For the uninitiated, data scientists can seem like mystic oracles bringing esoteric wisdom from the slopes of Mount Parnassus. Unfortunately this opacity is leading to increasing skepticism of the field’s effectiveness, with less than 9% of businesses actually able to quantify the impact of their data science investment according to a 2018 survey by Domino Data Lab, and 85% of businesses’ big data projects failing according to 2018 Gartner research. Data science has enormous potential when done right, but the costs of failure are extremely high.
In his recent book The Decision Maker's Handbook to Data Science Stylianos Kampakis gives several examples of where business go wrong in hiring data scientists and running data science projects. Most of this advice seems to be to let the oracles do their work: don’t interfere with a data scientist’s process, make sure the tasks they’re being asked to do are sufficiently complex and interesting to keep their interest, and if you want to have a data-driven organisation, don’t argue with the results. In my view this underestimates the necessity for data scientists to gain excellent domain knowledge in order to understand possible interpretations of what the data is telling them. Far from acting as mystics revealing unattainable wisdom, data scientists need to work in very close partnership with their peers in order for businesses to make the most of their work. Kampakis gives an example early in the book from his own career where a model showed that athletes were more likely to be injured on Mondays. When investigated, it turned out that in fact athletes were just as likely to be injured on Fridays, but they were far less likely to report the injury on that day to avoid being kept in rehab facilities over the weekend. Another commonly cited example in this area is a study that apparently showed judges delivered harsher sentences before lunchtime. The conclusion? Hungry judges are meaner. However, not only did subsequent studies fail to replicate those results, it turned out that unrepresented prisoners were consistently scheduled in the courtroom right before breaks.
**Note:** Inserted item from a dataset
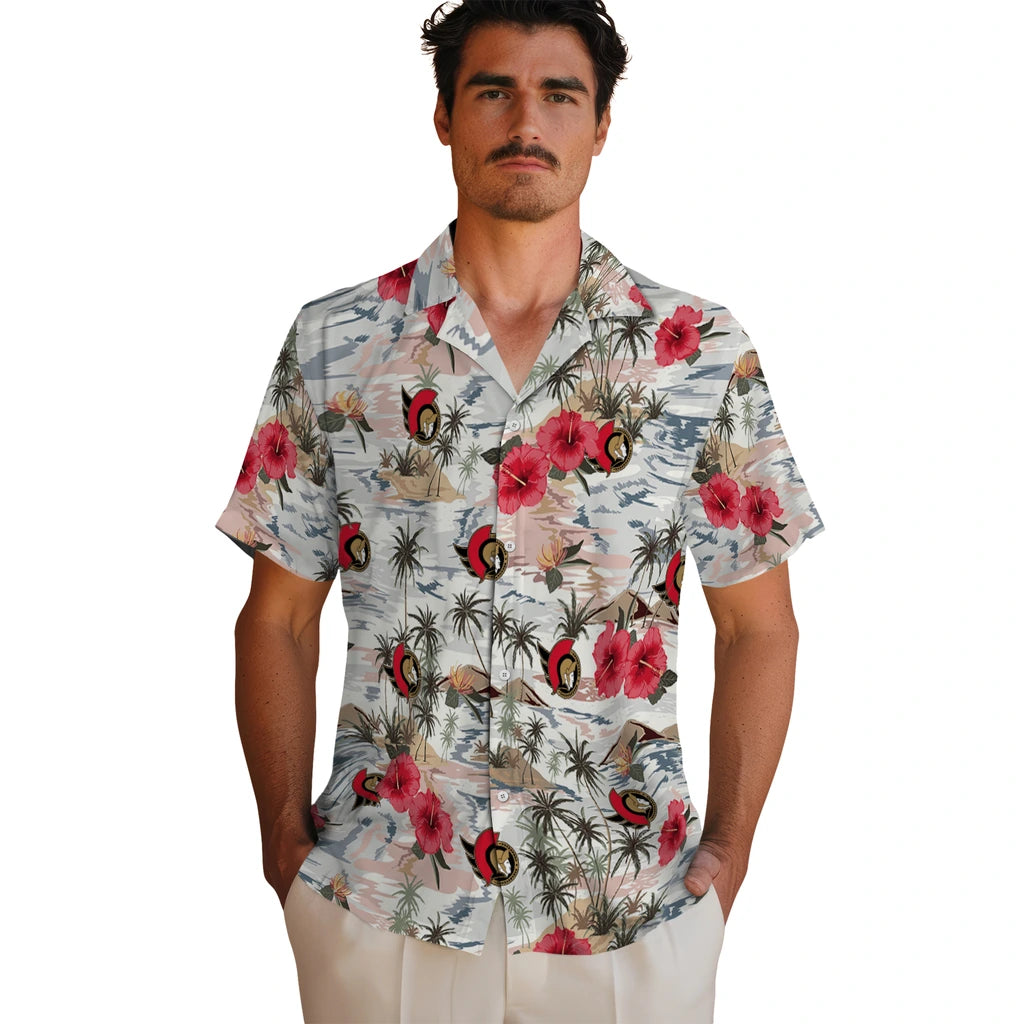 Ottawa Senators Hawaiian Shirt - Hibiscus Seaside | Hula Hawaiian Shirts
Domain knowledge would have explained the implausible results right away--results that have by now intractably wormed their way into pop-psychology lore about human behaviour.
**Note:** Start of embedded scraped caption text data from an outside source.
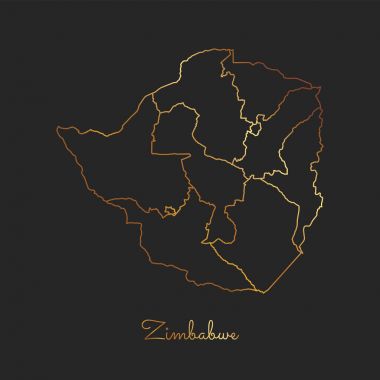 Zimbabve bölgesi harita altın gradyan anahat Zimbabve bölgeler ayrıntılı haritası koyu arka plan üzerinde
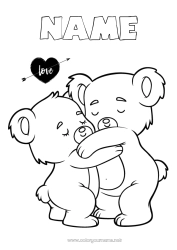 Free drawing Dad Grandpa I love you Animal Valentine's Day Koala Other animals of the world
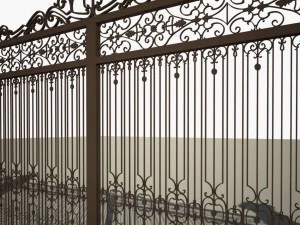 cast iron fence or gate 3D Model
The same thing happens in businesses all the time. Business managers who perceive their data science colleagues as aloof, only willing to work on fun data puzzles rather than buckling down to figure out the sticky if boring problems that are the heart of most businesses, and unwilling to consider their ideas are unlikely to communicate enough information to make the most of their data scientists’ skills. Equally, data scientists who are unwilling to see the value in their colleagues’ suggestions or to revisit results that seem unintuitive are likely to fall into the same trap that Kampakis fell into: missing some of the picture. Asking businesses to put blind faith in their data scientists without the tempering intuition and useful insight of domain experts is asking for trouble.
There are some sound bits of advice in the book, particularly around the collection and storage of data and how failures to capture the right data in the right way will undermine any data scientist’s efforts. Many of the examples for these are drawn from Dr Kampakis’s own career. Several are also cited from Wikipedia.
For busy executives who want a surface-level overview of the issues around data science and hiring and managing data scientists without doing their own Wikipedia legwork, this book pulls it all together in one place.